Pada penghargaan tahun ini, Pemkab Banjarnegara berhasil meraih nilai tertinggi dari hasil pemantauan penyelesaian tindak lanjut sampai dengan akhir tahun 2020, dengan nilai 94,86. Menyusul berikutnya adalah Magelang (91,30), dan Kendal (79,71). Nilai tersebut juga berada di atas rata-rata nasional sebesar 75,6.
Bupati Banjarnegara, Budhi Sarwono mengatakan capian tersebut bisa dibanggakan dan merupakan anugerah Tuhan YME. Ia juga mengapresiasi kinerja jajaran Pemkab dan masyarakat Banjarnegara yang terus mendukung program pembangunan yang sedang dipimpinnya.
“Tak lupa puji syukur kami panjatkan atas lindungan dan petunjuk Allah.

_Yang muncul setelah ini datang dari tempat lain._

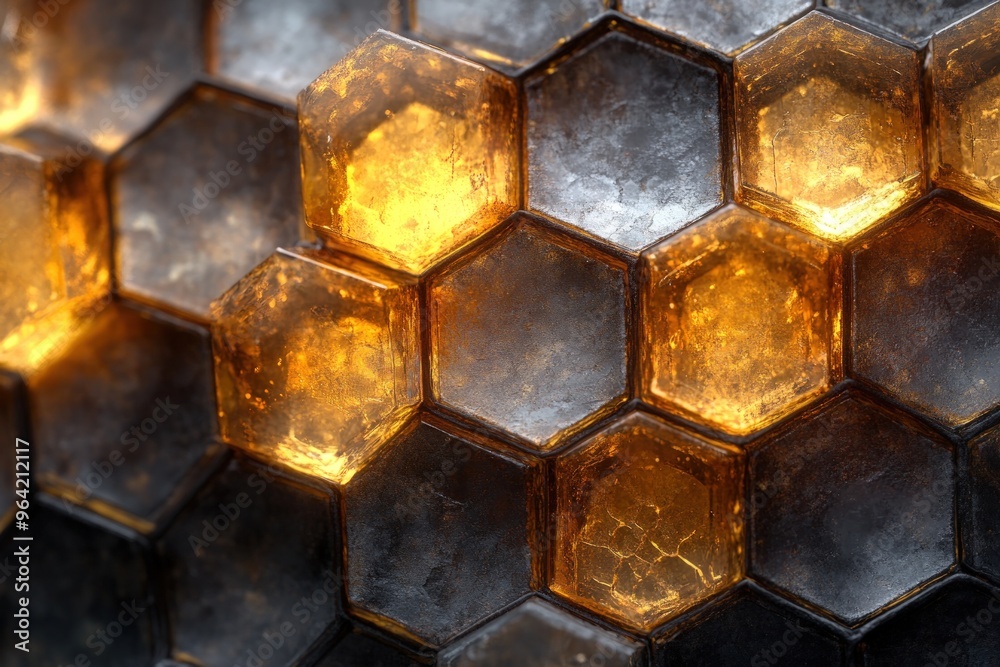 Close-up of a honeycomb with golden hexagonal cells. Close-up of a honeycomb with golden hexagonal cells.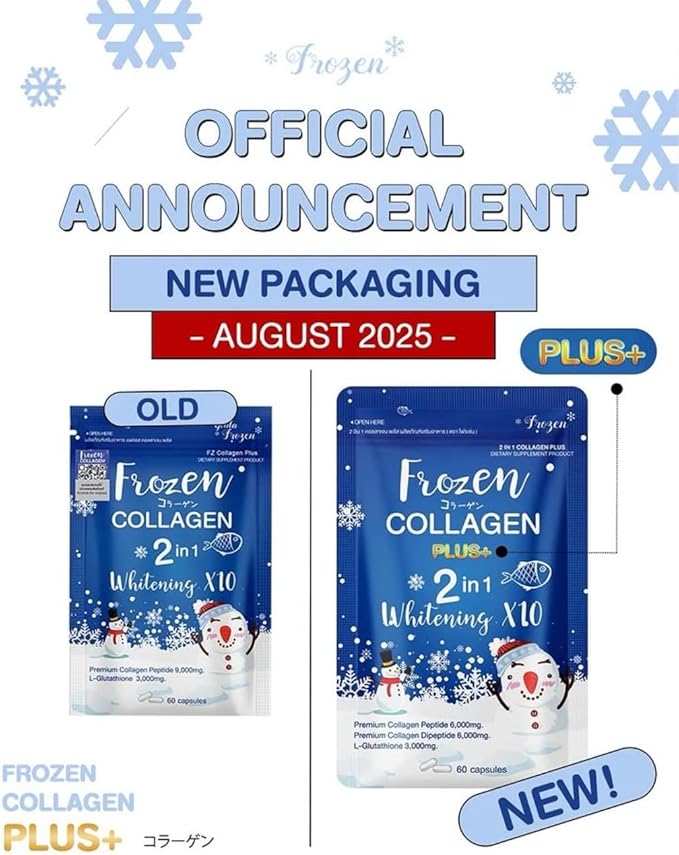 Frozen Collagen Plus+ 2-in-1 Marine Supplement - 100mg Collagen Peptide 100mg Collagen Dipeptide &amp 50mg L-Glutathione per Capsule for Skin Radiance - 120 Capsules (2-Pack)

Dan ucapan terima kasih saya sampaikan kepada jajaran OPD dan masyarakat Banjarnegara yang telah berjuang keras dan terus-menerus dalam rangka mewujudkan Banjarnegara yang bermartabat dan sejahtera. Prestasi ini adalah milik kita bersama,” kata Budhi Sarwono, dalam keterangan tertulisnya, Selasa malam (18/5).
Menurut Budhi, capaian itu merupakan bukti bahwa jajaran Pemkab Banjarnegara telah bekerja keras mewujudkan tata kelola pembangunan dan keuangan yang transparan dan akuntabel sehingga Banjarnegara.
Sedangkan rakyat, lanjut bupati, telah memberikan sumbangsih dan dukungan yang nyata sehingga fokus pembangunan terutama di bidang infrastruktur dan ekonomi bisa bertahan dan tetap berjalan di tengah wabah Covid-19.
“Kita telah buktikan bahwa predikat Wajar Tanpa Pengecualian di Banjarnegara benar-benar berkorelasi dengan kinerja pembangunan. Sebab, Banjarnegara menerima WTP bukan hanya karena tata kelola keuangannya dinilai bagus, tapi secara nyata juga terlihat hasilnya. Jadi bukan sekedar bukti administrasi dan SPJ, tapi benar-benar kinerja Pemkab Banjarnegara yang berdampak langsung dan dinikmati oleh masyarakat. Intinya bahwa pengelolaan keuangan, harus memberi manfaat nyata bagi masyarakat luas, termasuk peningkatan kesejahteraan,” tandas bupati.
Sementara, Sekda Banjarnegara Drs. Indarto M. Si, yang turut mendampingi bupati dalam pemberian penghargaan tersebut, menjelaskan opini WTP diberikan atas akuntabilitas laporan keuangan yang dilakukan setiap tahun. Laporan tersebut telah dilakukan pengawasan dan keseimbangan dari laporan yang ada dengan lima indikator asersi laporan keuangan.
“Alhamdulillah Banjarnegara sudah delapan kali berturut-turut untuk periode 2013-2020. Ini adalah bentuk penghargaan dan pengakuan terhadap keberhasilan pembangunan dan administrasi keuangan di Banjarnegara. Dan dengan memperoleh WTP, kita juga berhak memperoleh Dana Insentif Daerah atau DID nantinya,” kata Sekda.
Sementara, Kepala Perwakilan BPK Jateng Ayub Amali mengatakan pandemi telah berdampak besar dalam pelaksanaan pemeriksaan BPK. Mempertimbangkan situasi pandemi, BPK pun melakukan penyesuaian-penyesuaian pada metode dan prosedur pemeriksaan.
Namun Ayub Amali berharap agar LHP yang sudah disampaikan BPK dapat menjadi pendorong dan motivasi bagi Pemda untuk terus memperbaiki pertanggungjawaban pelaksanaan pengelolaan keuangan daerah yang transparan dan akuntabel.
“Mari kita bersama-sama berusaha dan berkomitmen untuk menyelenggarakan keuangan negara dan daerah yang transparan dan akuntabel,” ucap Ayub.